Hewitt stellt sich auf

Australiens Kapitän Hewitt dürfte nicht entscheidungsmüde sein. Schon im Vorhinein wurde vermutet, ja fast erwartet, dass sich die ehemalige Nummer eins der Weltrangliste selbst im Doppel aufstellen würde. Und so kam es dann auch. Hewitt, der gut und gerne als Legende im Herrentennis gilt, drehte sein Kapperl nach hinten und schwang seine 37 Jahre auf den Platz. Mitspieler John Peers (30) war da quasi das Küken auf dem Center-Court, auf der österreichischen Gegenseite spielten bei Oliver Marach (38) und Jürgen Melzer (37) auch viel Erfahrung mit.

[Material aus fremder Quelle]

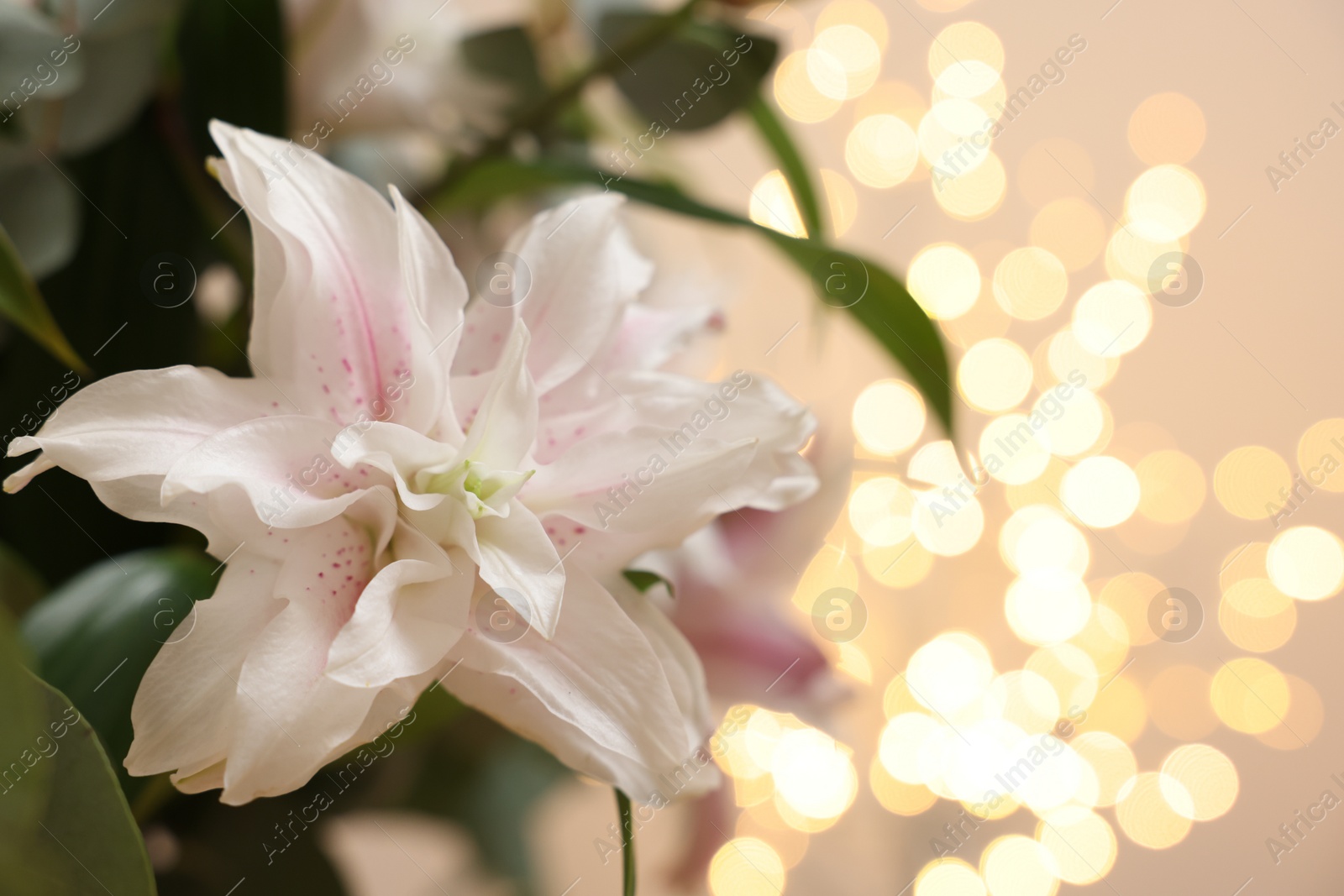 Photo of Beautiful lily flower against beige background with blurred lights, closeup. Space for text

Graz präsentierte sich schon vor dem Spiel von einer guten Seite. Die Regenschauer des Vorabends hatten keine Spuren hinterlassen, die Tribünen waren gut gefüllt, aber nicht ausverkauft. Die steirische Tennisikone Thomas Muster holte sich wieder einmal Applaus für sein Lebenswerk und dazu noch einen kleinen Pokal, den "Commitment Award" vom internationalen Tennisverbandes (ITF) ab. Der ehemalige French-Open-Sieger war im Stress, Selfies mit ihm sind noch immer ziemlich begehrt.

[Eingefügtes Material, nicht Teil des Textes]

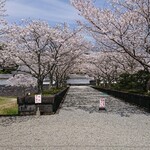 ぎょうざ 松龍軒 - 森岡城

Zwei Punkte und dann lange nichts

Beim Tennisdoppel gilt es – noch mehr als im Einzel – Entscheidungen zu treffen. Wenn geht, die richtigen. Die Ballwechsel sind deutlich kürzer, jeder Schlag, der nicht sitzt, wird abvolliert oder schnell gegen einen selbst verwendet. Das ÖTV-Doppel startete vermeintlich gut in das Match, beim Service der Australier holte man sich die ersten beiden Punkte. Dabei sollte es aber für einige Zeit bleiben. Die Australier schwangen sich mit einem Feuerwerk in die Partie, Peers knallte Aufschlagraketen über das Netz und Hewitt ließ seine ganze Routine und Können ausspielen. Der Australier spielte eine fast fehlerfreie Partie. Österreich hatte wenig entgegenzusetzen, der erste Satz ging in aller Deutlichkeit mit 6:1 an die Gäste.

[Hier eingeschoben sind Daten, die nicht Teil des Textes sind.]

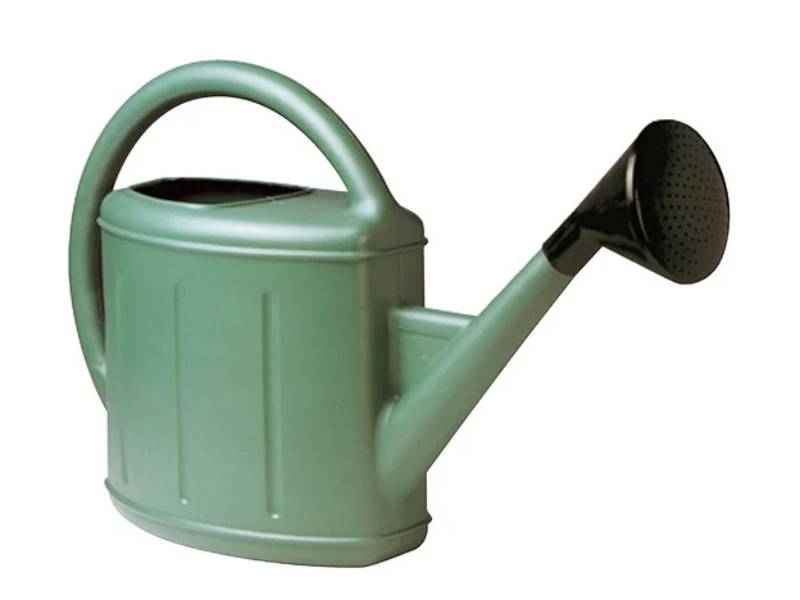 Regadera lionesa metal verde 11L - EDA - Imagen 2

Marach, immerhin amtierender Australian-Open-Champion und Dritter der Doppelweltrangliste, musste sich nach dem ersten Satz behandeln lassen. Es zwickte in der Leiste. Auch der zweite Satz ging mit 6:4 an Australien, es sah, und das war eher überraschend, nach einer einseitigen Partie aus. Marach und Melzer aber gaben sich nicht auf, stellten beim Return um und schafften im dritten Satz ein frühes Break. Das Highlight war ein zwanzigminütiges Marathon-Spiel zum 4:1, schlussendlich ging der dritte Satz mit 6:3 an Marach/Melzer.

Auf Augenhöhe

Österreichs Doppel konsolidierte sich, beide Paarungen pendelten sich auf Augenhöhe ein. Heikle Situationen wurden weggesteckt, beide spielten im Gleichschritt . Bis zum 6:5, Melzer servierte, und plötzlich stand es 15:40: die ersten beiden Breakbälle im vierten Satz. Die erste Chance ließen die Australier noch aus, den zweiten Matchball verwerteten sie aber.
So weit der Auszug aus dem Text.